13. The method of controlling a display according to claim 9, wherein
said step of making the voltage of said power supply circuit reach said set value includes a step of starting said power supply circuit simultaneously with power supply to a display panel, and
said step of writing said data in said memory includes a step of performing operation in a general application operation mode after the voltage of said power supply circuit reaches said set value and thereafter writing said data in said memory when making transition to a standby operation mode.

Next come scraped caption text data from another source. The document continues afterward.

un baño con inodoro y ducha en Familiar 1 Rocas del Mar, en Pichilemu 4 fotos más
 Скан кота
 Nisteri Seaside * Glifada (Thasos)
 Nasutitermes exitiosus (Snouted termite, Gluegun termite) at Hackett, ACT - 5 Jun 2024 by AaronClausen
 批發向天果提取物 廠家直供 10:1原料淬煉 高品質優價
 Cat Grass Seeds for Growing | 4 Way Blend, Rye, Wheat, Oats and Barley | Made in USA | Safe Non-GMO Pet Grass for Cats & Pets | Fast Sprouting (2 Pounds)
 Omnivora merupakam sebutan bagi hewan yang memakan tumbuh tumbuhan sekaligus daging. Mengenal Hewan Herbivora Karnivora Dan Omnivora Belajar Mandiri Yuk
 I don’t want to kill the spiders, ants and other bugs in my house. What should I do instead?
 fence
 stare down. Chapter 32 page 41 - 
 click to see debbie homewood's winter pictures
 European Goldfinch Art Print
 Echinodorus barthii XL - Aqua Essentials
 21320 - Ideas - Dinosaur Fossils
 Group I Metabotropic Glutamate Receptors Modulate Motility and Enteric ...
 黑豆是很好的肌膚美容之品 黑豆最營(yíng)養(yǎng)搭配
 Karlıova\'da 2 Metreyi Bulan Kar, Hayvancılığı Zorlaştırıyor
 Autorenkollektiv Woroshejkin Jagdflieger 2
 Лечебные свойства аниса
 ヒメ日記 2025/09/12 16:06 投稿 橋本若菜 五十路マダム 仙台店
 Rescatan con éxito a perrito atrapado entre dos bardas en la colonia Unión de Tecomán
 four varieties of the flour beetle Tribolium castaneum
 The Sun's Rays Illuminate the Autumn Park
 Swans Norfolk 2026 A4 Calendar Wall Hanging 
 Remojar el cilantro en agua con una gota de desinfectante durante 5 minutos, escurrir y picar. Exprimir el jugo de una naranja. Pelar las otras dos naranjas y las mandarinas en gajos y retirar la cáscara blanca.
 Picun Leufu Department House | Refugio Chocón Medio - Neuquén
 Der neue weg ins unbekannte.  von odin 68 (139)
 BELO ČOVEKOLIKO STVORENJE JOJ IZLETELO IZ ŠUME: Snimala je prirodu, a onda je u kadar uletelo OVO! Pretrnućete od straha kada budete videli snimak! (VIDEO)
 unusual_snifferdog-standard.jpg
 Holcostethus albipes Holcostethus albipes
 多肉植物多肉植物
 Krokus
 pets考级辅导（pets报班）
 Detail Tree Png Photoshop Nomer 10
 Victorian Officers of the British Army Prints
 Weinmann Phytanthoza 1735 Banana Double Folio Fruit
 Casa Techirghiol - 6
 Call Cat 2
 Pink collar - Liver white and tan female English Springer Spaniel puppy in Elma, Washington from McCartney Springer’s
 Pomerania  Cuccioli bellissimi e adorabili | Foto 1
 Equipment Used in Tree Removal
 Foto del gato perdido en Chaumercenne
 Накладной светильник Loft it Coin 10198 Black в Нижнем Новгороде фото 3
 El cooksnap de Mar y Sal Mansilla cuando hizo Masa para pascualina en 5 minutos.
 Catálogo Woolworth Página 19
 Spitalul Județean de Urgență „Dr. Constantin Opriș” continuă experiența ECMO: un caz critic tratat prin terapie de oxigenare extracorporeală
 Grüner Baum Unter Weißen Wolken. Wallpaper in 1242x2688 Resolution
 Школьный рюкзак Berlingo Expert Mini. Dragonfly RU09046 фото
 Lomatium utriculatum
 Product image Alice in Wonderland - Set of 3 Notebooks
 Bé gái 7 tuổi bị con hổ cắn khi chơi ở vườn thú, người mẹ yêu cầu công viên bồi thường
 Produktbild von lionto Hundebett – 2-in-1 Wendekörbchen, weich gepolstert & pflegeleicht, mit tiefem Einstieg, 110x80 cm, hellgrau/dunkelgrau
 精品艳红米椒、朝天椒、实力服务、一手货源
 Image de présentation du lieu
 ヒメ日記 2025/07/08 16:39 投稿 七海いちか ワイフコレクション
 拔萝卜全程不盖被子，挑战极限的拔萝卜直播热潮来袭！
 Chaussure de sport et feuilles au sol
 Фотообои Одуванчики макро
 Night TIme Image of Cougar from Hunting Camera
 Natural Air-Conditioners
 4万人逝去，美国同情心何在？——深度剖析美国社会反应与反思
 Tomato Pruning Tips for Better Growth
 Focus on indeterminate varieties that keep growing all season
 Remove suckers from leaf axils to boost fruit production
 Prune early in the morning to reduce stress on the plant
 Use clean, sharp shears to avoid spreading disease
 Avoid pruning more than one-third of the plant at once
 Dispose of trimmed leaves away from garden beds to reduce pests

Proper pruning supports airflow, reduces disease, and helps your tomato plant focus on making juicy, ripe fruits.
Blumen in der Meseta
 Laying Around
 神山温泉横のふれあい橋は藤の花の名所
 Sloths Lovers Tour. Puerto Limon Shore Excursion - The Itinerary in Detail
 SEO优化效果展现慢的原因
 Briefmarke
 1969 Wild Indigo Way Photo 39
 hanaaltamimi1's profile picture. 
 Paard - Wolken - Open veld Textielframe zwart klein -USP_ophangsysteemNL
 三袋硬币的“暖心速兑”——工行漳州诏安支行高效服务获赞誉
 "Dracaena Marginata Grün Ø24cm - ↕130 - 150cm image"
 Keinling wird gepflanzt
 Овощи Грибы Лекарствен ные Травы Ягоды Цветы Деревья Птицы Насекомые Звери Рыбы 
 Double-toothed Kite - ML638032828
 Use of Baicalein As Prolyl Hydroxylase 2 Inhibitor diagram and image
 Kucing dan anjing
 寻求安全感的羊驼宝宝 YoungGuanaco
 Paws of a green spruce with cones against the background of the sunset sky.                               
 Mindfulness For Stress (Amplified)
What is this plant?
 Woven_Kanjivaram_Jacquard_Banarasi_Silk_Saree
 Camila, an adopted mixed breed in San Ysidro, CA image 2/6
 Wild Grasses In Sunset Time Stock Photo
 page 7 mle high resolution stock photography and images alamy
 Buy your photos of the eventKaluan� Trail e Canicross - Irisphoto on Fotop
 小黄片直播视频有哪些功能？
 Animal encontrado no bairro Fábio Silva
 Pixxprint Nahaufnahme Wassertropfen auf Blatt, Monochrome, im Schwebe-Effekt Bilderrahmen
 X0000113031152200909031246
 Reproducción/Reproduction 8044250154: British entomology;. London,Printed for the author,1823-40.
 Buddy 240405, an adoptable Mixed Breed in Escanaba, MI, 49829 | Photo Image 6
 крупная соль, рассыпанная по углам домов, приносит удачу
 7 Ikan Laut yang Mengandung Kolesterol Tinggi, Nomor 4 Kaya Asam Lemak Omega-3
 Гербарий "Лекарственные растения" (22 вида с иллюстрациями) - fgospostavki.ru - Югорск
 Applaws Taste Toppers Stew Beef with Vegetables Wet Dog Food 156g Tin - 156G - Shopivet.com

14. The method of controlling a display according to claim 9, wherein
said step of making the voltage of said power supply circuit reach said set value includes a step of starting said power supply circuit after sensing transition to a standby operation mode, and
said step of writing said data in said memory includes a step of writing said data in said memory after the voltage of said power supply circuit reaches said set value in said standby operation mode.
15. The method of controlling a display according to claim 14, wherein
said step of making the voltage of said power supply circuit reach said set value includes a step of transmitting a setup completion signal from said power supply circuit to said control circuit thereby sensing that the voltage of said power supply circuit reaches said set value.
16. The method of controlling a display according to claim 14, wherein
said step of making the voltage of said power supply circuit reach said set value includes a step of sensing that the voltage of said power supply circuit reaches said set value on the basis of a lapse of a prescribed time after starting of said power supply circuit.
17. A method of controlling a display comprising a pixel part having a memory and a power supply circuit formed on the same substrate as said pixel part for operating said memory, comprising steps of:
making the voltage of said power supply circuit reach a set value; and
writing data in said memory after the voltage of said power supply circuit reaches said set value; wherein
said power supply circuit includes at least a positive voltage generation circuit, and
said step of writing said data in said memory includes a step of employing a power source having higher current drivability than said positive voltage generation circuit as the power source for said memory while writing said data in said memory and employing said positive voltage generation circuit as the power source for said memory after writing said data;
further comprising a scanning line driving circuit for driving scanning lines of the pixel part and a data line driving circuit for driving data lines of the pixel part, and the power supply circuit is not connected to the scanning line driving circuit and the data line driving circuit but connected to the memory of the pixel part.
18. The method of controlling a display according to claim 17, wherein
said power source having higher current drivability than said positive voltage generation circuit includes either a display panel power source VDD or a standby power source VCC.
19. A method of controlling a display comprising a pixel part having a memory and a power supply circuit formed on the same substrate as said pixel part for operating said memory, comprising steps of:
making the voltage of said power supply circuit reach a set value; and
writing data in said memory after the voltage of said power supply circuit reaches said set value; wherein
said power supply circuit includes a positive voltage generation circuit and a negative voltage generation circuit,
said method further including a step of connecting said negative voltage generation circuit to said memory after temporarily setting a node of said positive voltage generation circuit to a ground potential thereby discharging the same when making transition from a standby operation mode to a general application operation mode.